Durante a reunião, a psicóloga destacou que a misoginia (repulsa, desprezo ou ódio contra as mulheres) é a grande causa da violência praticada contra as mulheres no País, na maioria casos dentro dos lares e por pessoas próximas, nestes casos pelo pai, padrasto, tio, primo ou irmão. “Infelizmente, para essas mulheres o lugar mais perigoso para elas é a casa onde vivem. É lá que se cometem os abusos e onde na vida adulta muitas apanham ou morrem”, lamentou.

Segundo Valeska Zanello, essa realidade é fruto de uma educação que coloca a mulher em posição de inferioridade em relação aos homens, passada desde a primeira infância na maioria dos casos pelos próprios pais e reforçadas pela sociedade ou pelos meios de propaganda. Ela observou que tudo começa pela responsabilização exclusiva às mães sobre os cuidados dos filhos, cabendo aos homens apenas o papel de provedor.

“Crianças negligenciadas no Brasil é sempre culpa da mãe. Homens só são encaminhados para os Creas (Centro de Referência Especializado de Assistência Social) quando abusam sexualmente dos filhos ou usam drogas na frente deles”, observou. Os Creas são unidades públicas de políticas de Assistência Social onde são atendidas famílias e pessoas que estão em situação de risco social ou que tiveram seus direitos violados.

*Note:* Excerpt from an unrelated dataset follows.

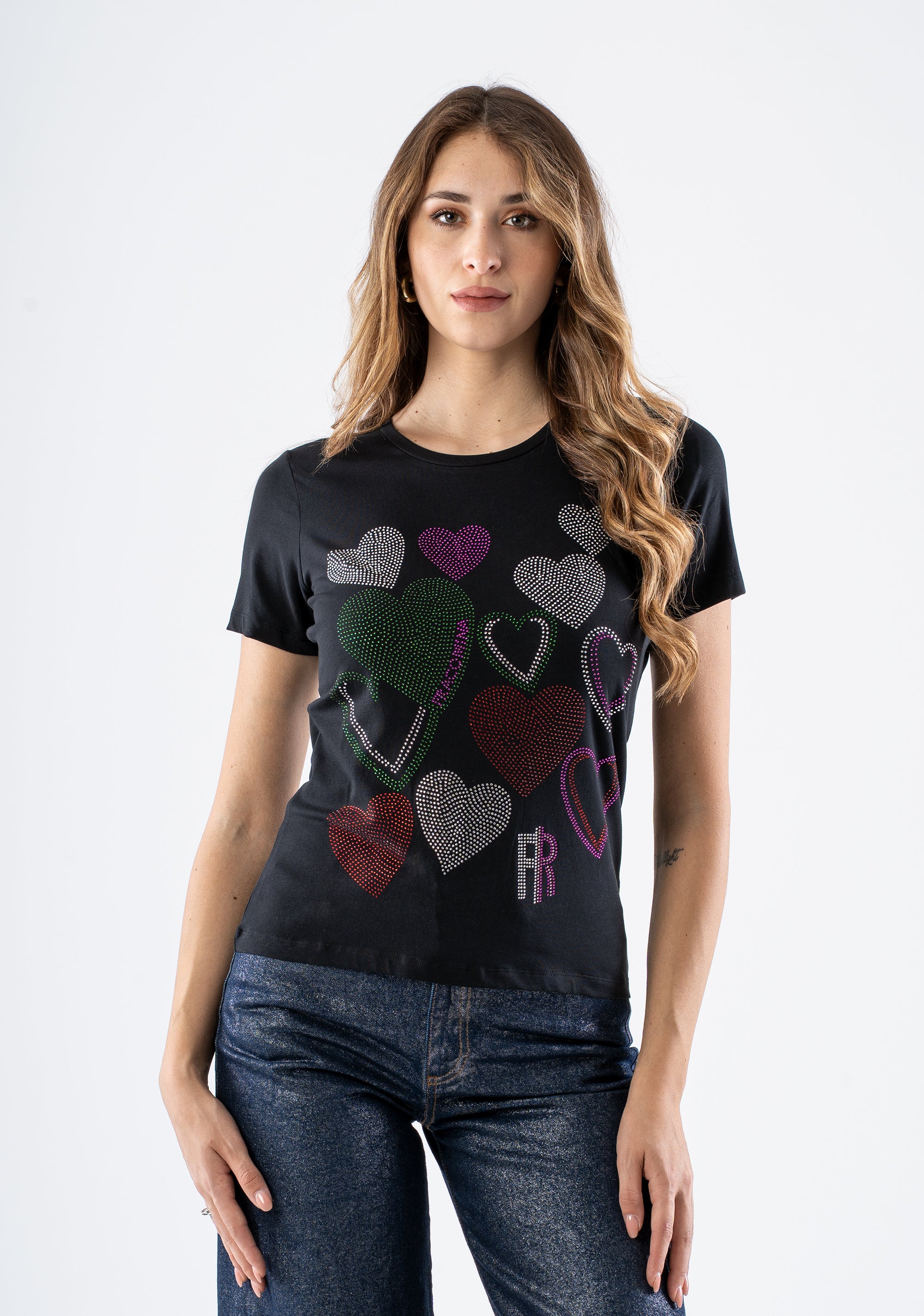 T-shirt with Multicolor Rhinestone Hearts Fracomina FI25ST3004J401R8-053_3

Segundo ela, desde crianças é ensinado às meninas que devem ser submissas aos homens, que devem ter como objetivo de vida procriar e cuidar dos filhos, e que a felicidade delas depende do gênero oposto. “E essa visão é passada até em desenhos animados e filmes como ‘A Bela e a Fera’, onde a mulher se casa com a Fera, e dependendo dela, ele pode virar um príncipe. Não, isso não acontece. Se a mulher casa com um Ogro, vai viver o resto da vida com um Ogrão”, ressaltou.

Ela observou ainda que é muito comum um menino ser advertido quando criança a “não se comportar como mulherzinha”, criando no imaginário deles a ideia de que ser mulher é algo ruim. “A nossa masculinidade está doente. Ela está calcada no pilar de que ser homem é apoiar-se na misoginia”, ressaltou. Para combater essa realidade, a doutora salientou que além da luta das mulheres, é necessária a conscientização dos próprios homens.

“Naquele grupo de WhatsApp onde homens recebem mensagens ou vídeos que ridicularizam, inferiorizam ou colocam a mulher como objeto sexual, não basta apenas algum deles dizer que não compartilha. É preciso que eles recriminem esse tipo de postagem”, defendeu.

Para a deputada Ana Perugini, a mudança desse tipo de pensamento deve passar por uma educação que reconheça a condição de igualdade entre homens e mulheres. “Temos neste País uma cultura doentia, que leva muitos homens a crerem que há uma disputa de espaço onde ele perde se a mulher ganhar. É dentro das escolas que temos que desconstruir esse discurso misógino contra as mulheres”, apontou.

Transexualidade – Durante a audiência, também foram debatidos o preconceito em relação à discussão de gênero relativo aos casos de transexualidade e de racismo contra mulheres negras. Sobre a transexualidade, a deputada Erika Kokay destacou que a interdição desse debate é fruto do fundamentalismo religioso e do autoritarismo de setores que não aceitam a diversidade sexual existente na sociedade.

“Os transexuais sempre existiram e sempre existirão, e merecem ser reconhecidos como são porque não tem o sentimento de pertencimento ao corpo ao qual nasceram”, afirmou.

Já a doutoranda em Psicologia Clínica e representante da Articulação Nacional de Psicólogos Negros e Negras Marizete Gouveia disse que as mulheres negras sofrem em duplicidade o preconceito sofrido pelas outras mulheres e por isso precisam de atenção específica.

“Não há políticas para as mulheres negras na saúde mental, por exemplo. O sofrimento da mulher negra é duplo, por ser mulher e também por ser negra. Portanto, não dá para considerar apenas políticas de saúde mental para a mulher, é preciso uma política específica para as mulheres negras”, esclareceu.

Também participaram da audiência pública a neuropsicóloga clínica Rosivância Tosta, e do psicólogo clínico Adriano Lima.